Artworks

Women Massaging Breasts (from the series «Balkan Erotic Epic»)

photography
Women Massaging Breasts (from the series «Balkan Erotic Epic») [Mulheres Massajando os Seios (da série «Épico Erótico dos Bálcãs»)]
Women Massaging Breasts (from the series «Balkan Erotic Epic») [Mulheres Massajando os Seios (da série «Épico Erótico dos Bálcãs»)]
© Marina Abramović, Courtesy of the Marina Abramović Archives
Date

2005

Technique

Cromogenic print

Dimensions

178 x 178 cm

Eight years prior to - Balkan Erotic Epic
, Marina Abramovic was awarded the Golden Lion for Best Artist at the 1997 Venice Biennale for her video installation-performance - Balkan Baroque
. In that piece, the Serbian artist took explicit position against the hubris and horror of wars, pointing particularly at the Yugoslav armed conflicts that were still raging at the time (1991-2001).
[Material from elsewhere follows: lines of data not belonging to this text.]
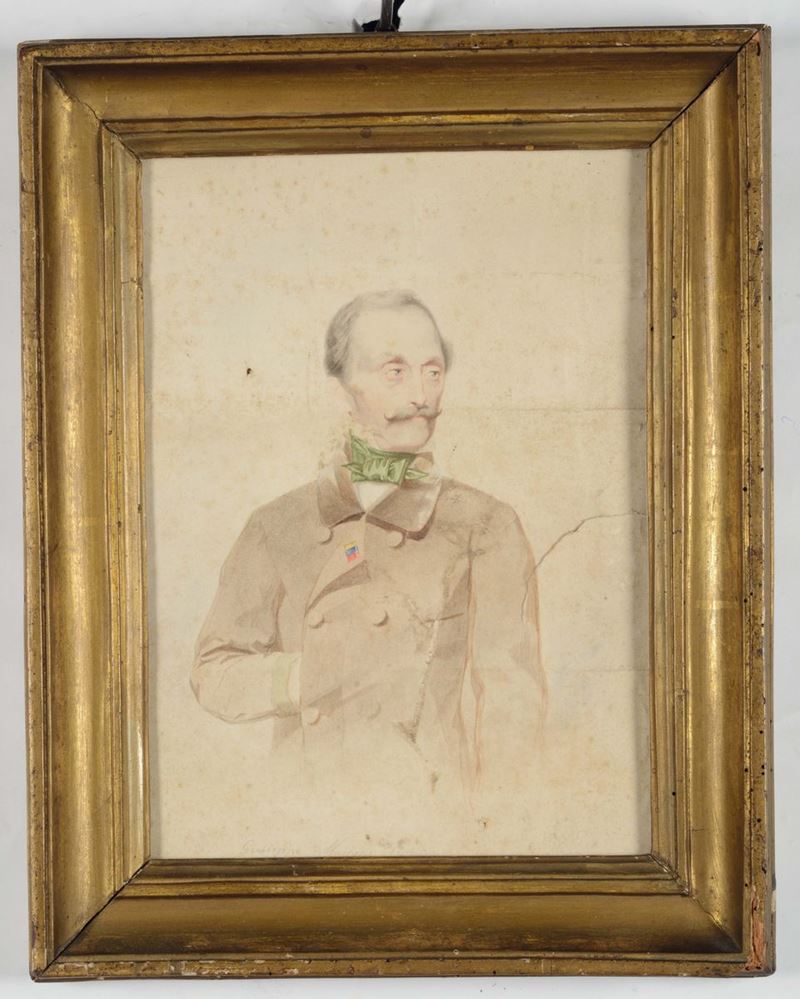 Anonimo del XIX secolo Giuseppe Mazzini  - Asta Arredi dalle dimore degli eredi Ercole Marelli e altre provenienze - Cambi Casa d'Aste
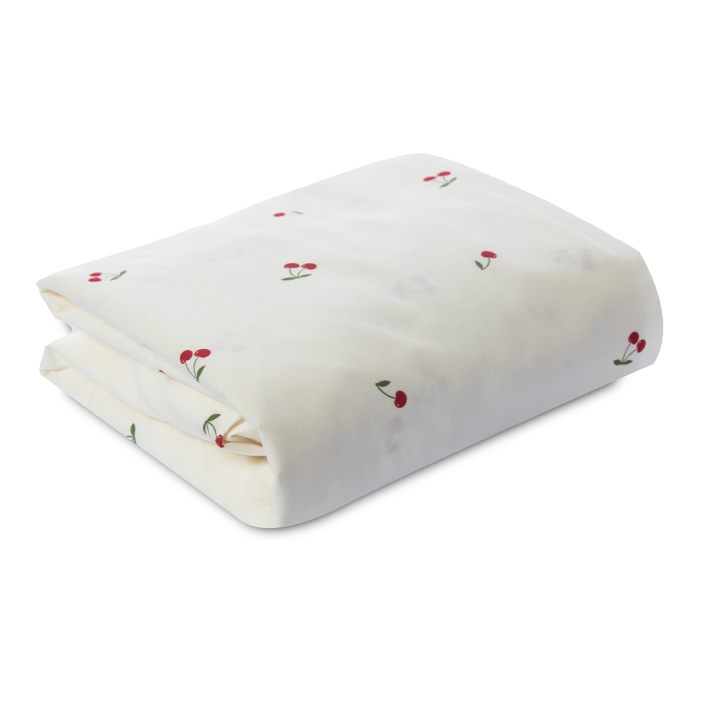 Lençol Avulso com Elástico para Cama de Solteiro 200 Fios Percal 100% Algodão Cerejinha - Constantini Baby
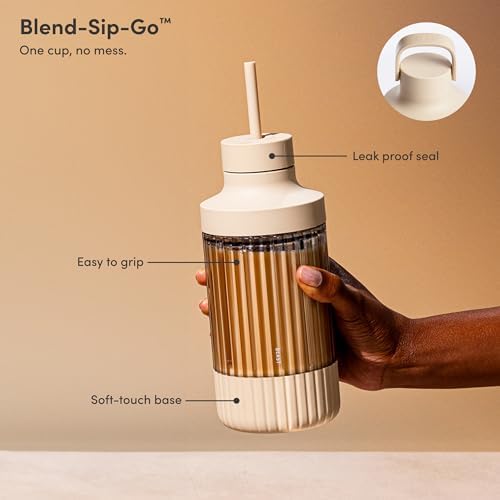Beast Mini Blender Plus, Countertop Blender, Sand, 600W - Image 6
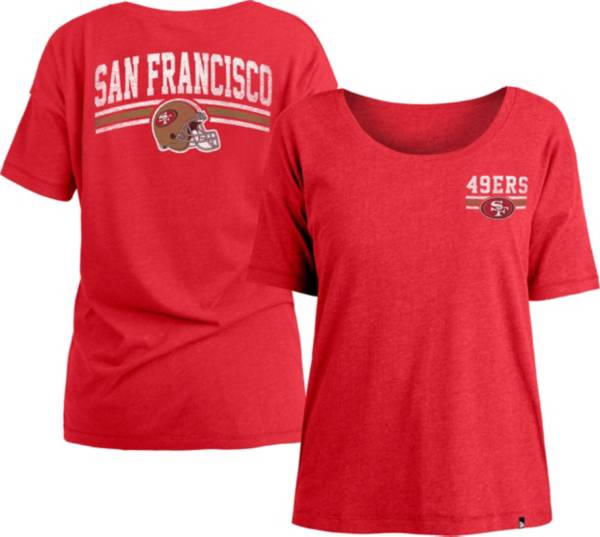 New Era Women's San Francisco 49ers Relaxed Back Red T-Shirt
After the descent into the realms of Thanatos, Abramovic surfaces and explores the complementary field of Eros and sacred sexuality within the context of traditional pagan rituals of the Balkans. Linked with fertility, virility, female desire and collective resolution of the villages' issues, those rituals, filled with symbolic acts and magical thinking, existed at least since the Middle Ages until recent times. Alongside the photo captions, the ensemble consists of seven video-installations in which the artist, dressed in traditional folk costumes, together with amateur actors reenact erotically charged mystical rites under a cloudy sky or beating rain. In Pierre Coulibeuf's 1999 full-length film on Abramovic's life and universe, she pronounces this sequence of words: “photogenic, anthropology, sex, religion, art market”. Those occurrences are reunified here to create a piece where male and female energies are expressed without restraints or inhibitions and appear intimately connected to the land.

Considering how affected she was by the destructive ethnic wars between Bosnian, Croat and Serb, it is no coincidence that Abramovic brings back to life past creative collective rites from this region. Thus, throughout history and in its many different forms, trance has provided cathartic benevolent curing effects and a protection against violence outbursts.